** Information **
----------
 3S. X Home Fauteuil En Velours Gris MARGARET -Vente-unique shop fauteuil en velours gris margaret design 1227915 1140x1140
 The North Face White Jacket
----------
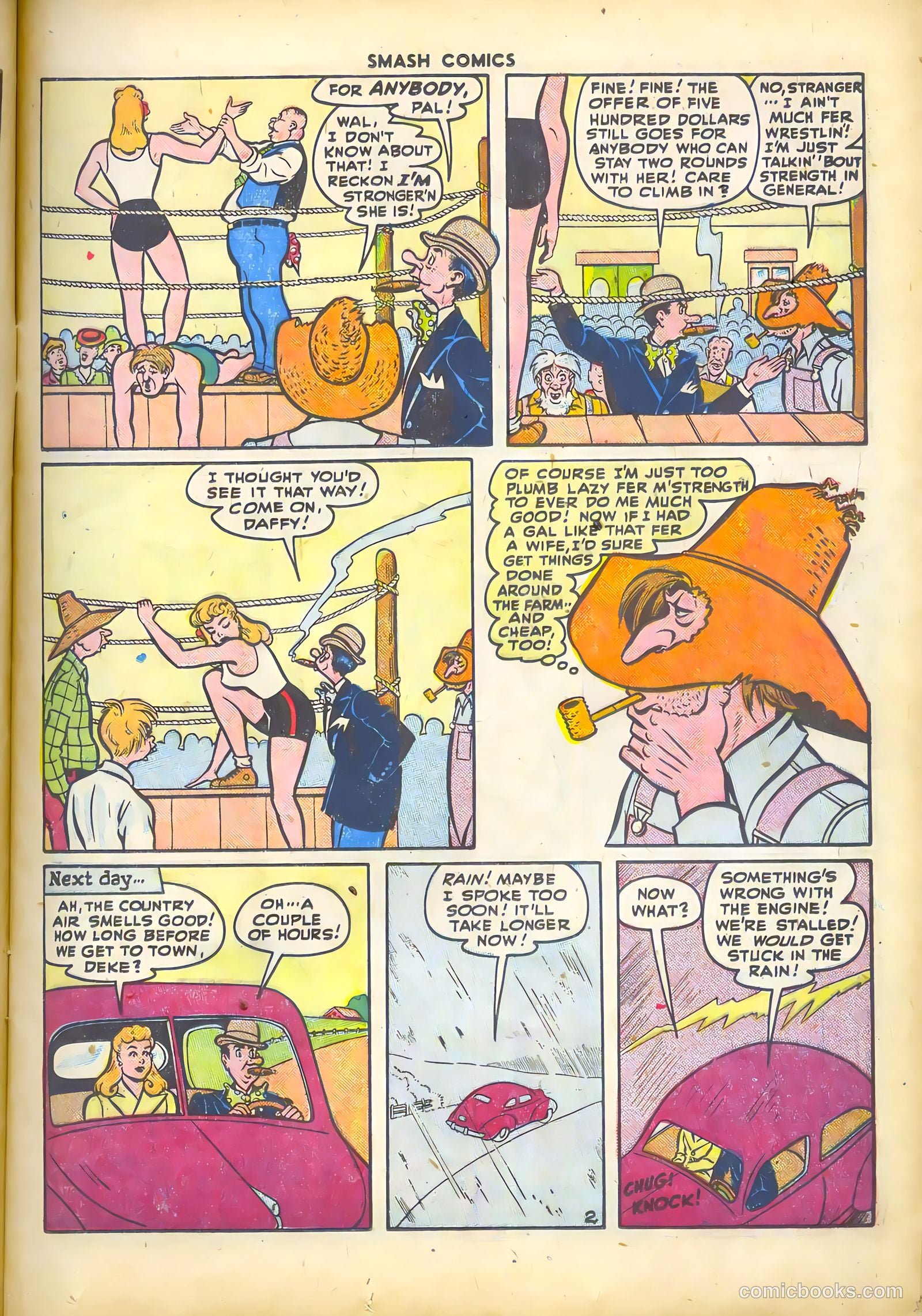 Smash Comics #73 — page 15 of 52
----------
** To do **
Using the entries shown above, reproduce verbatim the lines from the line bearing "3S. X Home Fauteuil" to the line bearing "The North Face White Jacket", inclusive.

** Response to this task **
 3S. X Home Fauteuil En Velours Gris MARGARET -Vente-unique shop fauteuil en velours gris margaret design 1227915 1140x1140
 The North Face White Jacket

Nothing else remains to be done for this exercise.